:: Data under study ::

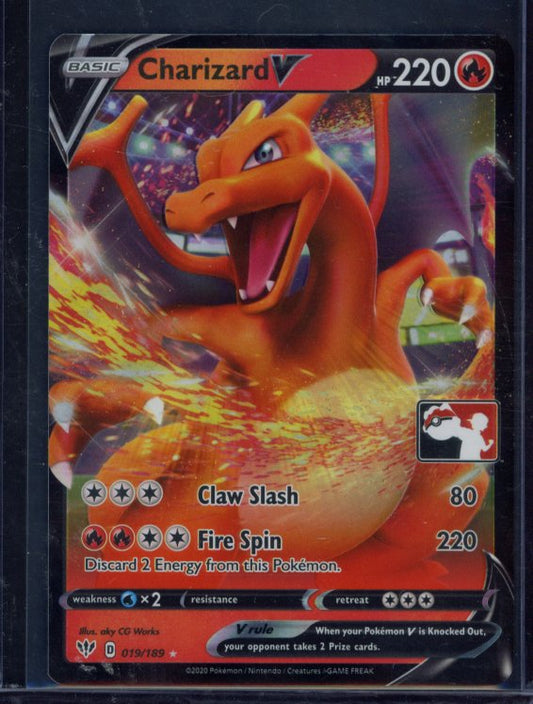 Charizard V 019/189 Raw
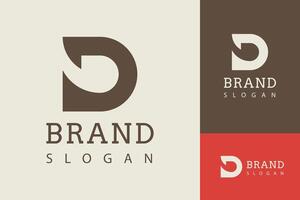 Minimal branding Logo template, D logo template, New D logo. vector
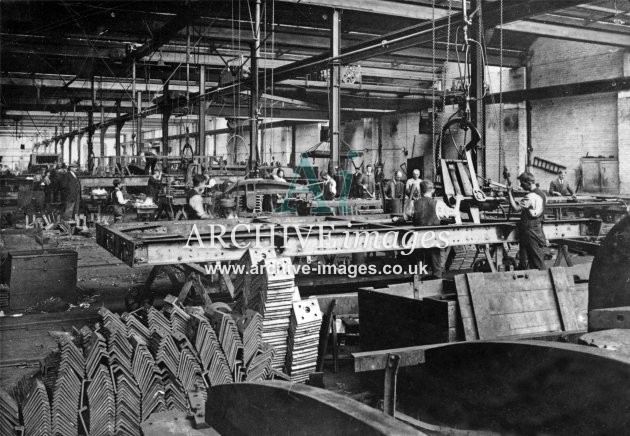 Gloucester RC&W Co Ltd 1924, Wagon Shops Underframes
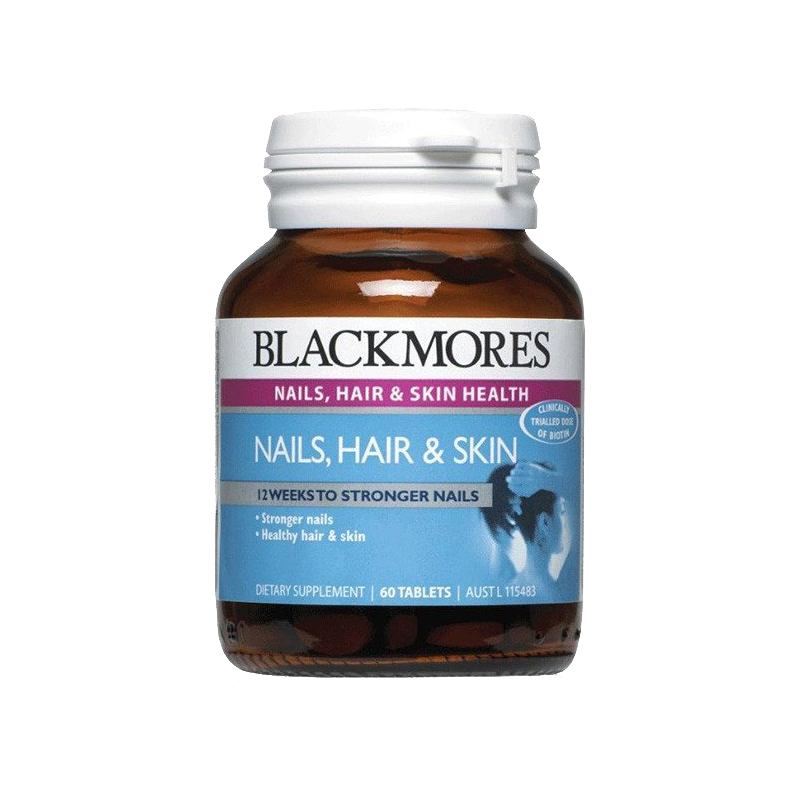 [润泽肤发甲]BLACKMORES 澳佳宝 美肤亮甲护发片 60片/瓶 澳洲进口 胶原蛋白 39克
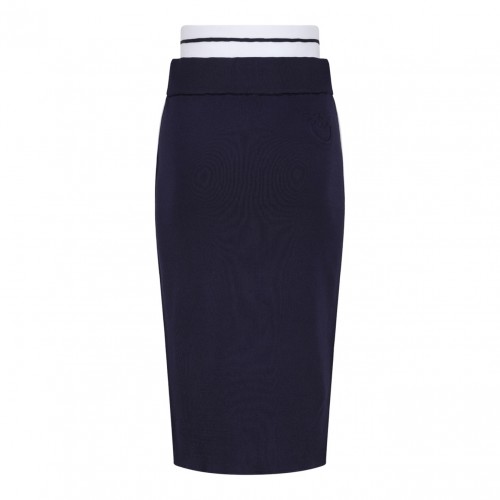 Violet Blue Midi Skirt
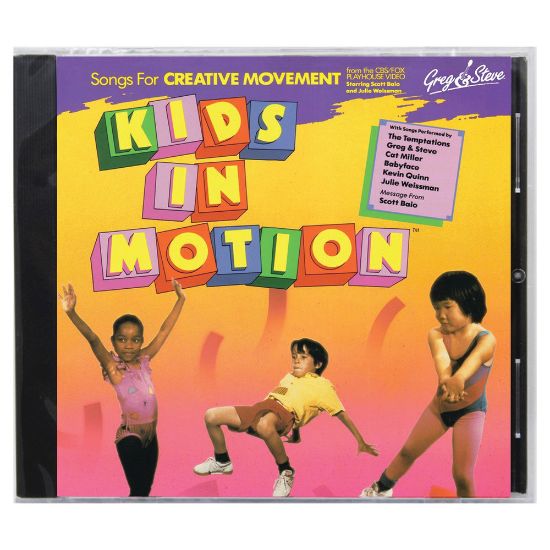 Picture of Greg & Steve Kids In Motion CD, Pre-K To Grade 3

:::

• Exercise:
Pictures are to be left out; the answer must otherwise be exactly the lines from the one with "Minimal branding Logo" through the final line of the entries above, both included.

• Written response:
 Minimal branding Logo template, D logo template, New D logo. vector
 Gloucester RC&W Co Ltd 1924, Wagon Shops Underframes
 [润泽肤发甲]BLACKMORES 澳佳宝 美肤亮甲护发片 60片/瓶 澳洲进口 胶原蛋白 39克
 Violet Blue Midi Skirt
 Picture of Greg & Steve Kids In Motion CD, Pre-K To Grade 3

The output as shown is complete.